Department of Computer Science and Engineering, University of North Texas, TX, USA.
Department of Biomedical Engineering, University of North Texas, TX, USA.
J Proteomics. 2021 Sep 15;247:104316. doi: 10.1016/j.jprot.2021.104316. Epub 2021 Jul 8.
Metaproteomics is becoming widely used in microbiome research for gaining insights into the functional state of the microbial community. Current metaproteomics studies are generally based on high-throughput tandem mass spectrometry (MS/MS) coupled with liquid chromatography. In this paper, we proposed a deep-learning-based algorithm, named DeepFilter, for improving peptide identifications from a collection of tandem mass spectra. The key advantage of the DeepFilter is that it does not need ad hoc training or fine-tuning as in existing filtering tools. DeepFilter is freely available under the GNU GPL license at https://github.com/Biocomputing-Research-Group/DeepFilter. SIGNIFICANCE: The identification of peptides and proteins from MS data involves the computational procedure of searching MS/MS spectra against a predefined protein sequence database and assigning top-scored peptides to spectra. Existing computational tools are still far from being able to extract all the information out of MS/MS data sets acquired from metaproteome samples. Systematical experiment results demonstrate that the DeepFilter identified up to 12% and 9% more peptide-spectrum-matches and proteins, respectively, compared with existing filtering algorithms, including Percolator, Q-ranker, PeptideProphet, and iProphet, on marine and soil microbial metaproteome samples with false discovery rate at 1%. The taxonomic analysis shows that DeepFilter found up to 7%, 10%, and 14% more species from marine, soil, and human gut samples compared with existing filtering algorithms. Therefore, DeepFilter was believed to generalize properly to new, previously unseen peptide-spectrum-matches and can be readily applied in peptide identification from metaproteomics data.
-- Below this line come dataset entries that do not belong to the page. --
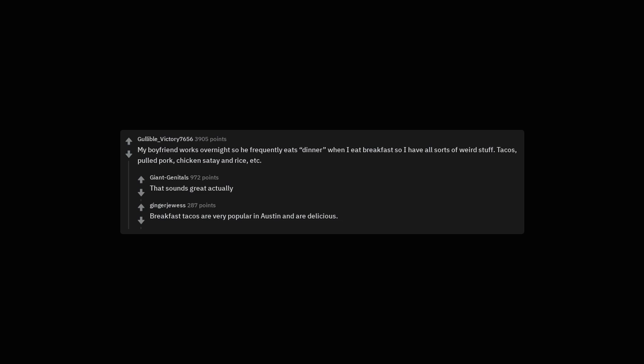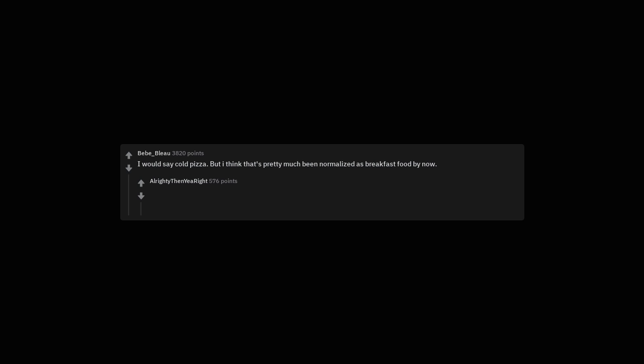Biryani, cake, pho, miso soup. I love it with a well buttered piece of avocado toast. Breakfast tacos are very popular in Austin and are delicious. I would say cold pizza, but I think that's pretty much been normalized as breakfast food by now.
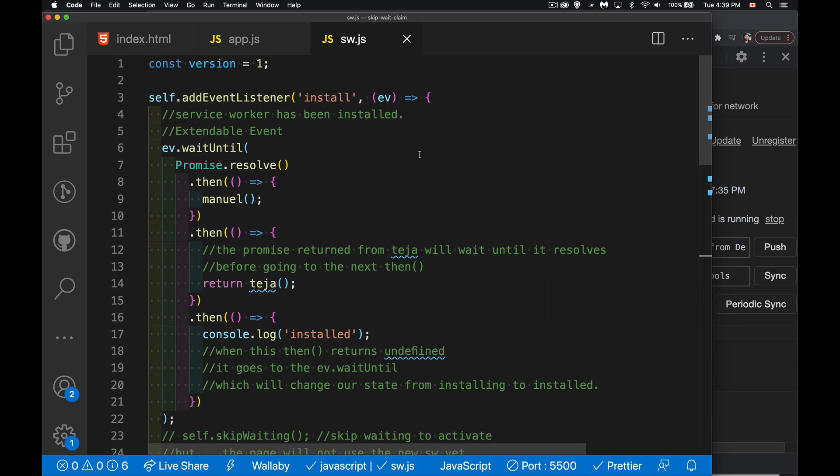Quite a few concepts in there - hope that makes sense. The finished version of this code is available in the description, along with links to the MDN documentation for waitUntil, skipWaiting, and clients.claim. If you have any questions feel free to leave them in the comments, I'll answer as many as I have time for. Thanks for watching.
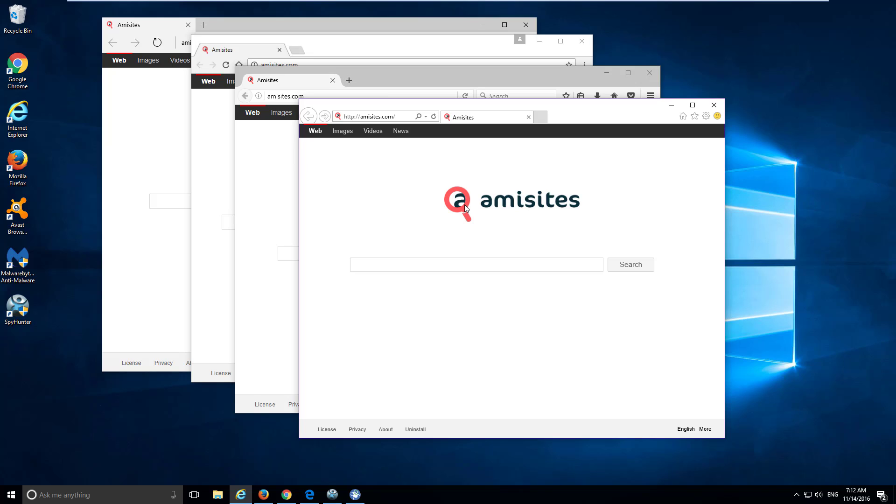In this video I will show you how to remove emisites.com browser hijacker from Google Chrome, Mozilla Firefox, Internet Explorer and Edge browsers.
蛋白质组学在微生物组研究中得到了广泛应用,有助于深入了解微生物群落的功能状态。目前的蛋白质组学研究通常基于高通量串联质谱(MS/MS)与液相色谱的联用。在本文中,我们提出了一种基于深度学习的算法,名为 DeepFilter,用于提高串联质谱谱图中肽段鉴定的准确率。DeepFilter 的主要优势在于,它不需要像现有过滤工具那样进行专门的训练或微调。DeepFilter 可在 https://github.com/Biocomputing-Research-Group/DeepFilter 上根据 GNU GPL 许可证免费获取。
从 MS 数据中鉴定肽段和蛋白质涉及到对 MS/MS 谱图与预定义蛋白质序列数据库进行搜索,并将得分最高的肽段分配给谱图的计算过程。现有的计算工具仍然远远不能从海洋和土壤微生物蛋白质组样本中获取的 MS/MS 数据集提取所有信息。系统实验结果表明,与现有的过滤算法(包括 Percolator、Q-ranker、PeptideProphet 和 iProphet)相比,DeepFilter 在海洋、土壤和人类肠道微生物蛋白质组样本中分别鉴定出多达 12%和 9%的肽段谱图匹配和蛋白质,假阳性率为 1%。分类分析表明,与现有的过滤算法相比,DeepFilter 从海洋、土壤和人类肠道样本中分别鉴定出多达 7%、10%和 14%的更多物种。因此,DeepFilter 可以正确地推广到新的、以前未见过的肽段谱图,并且可以很容易地应用于蛋白质组学数据中的肽段鉴定。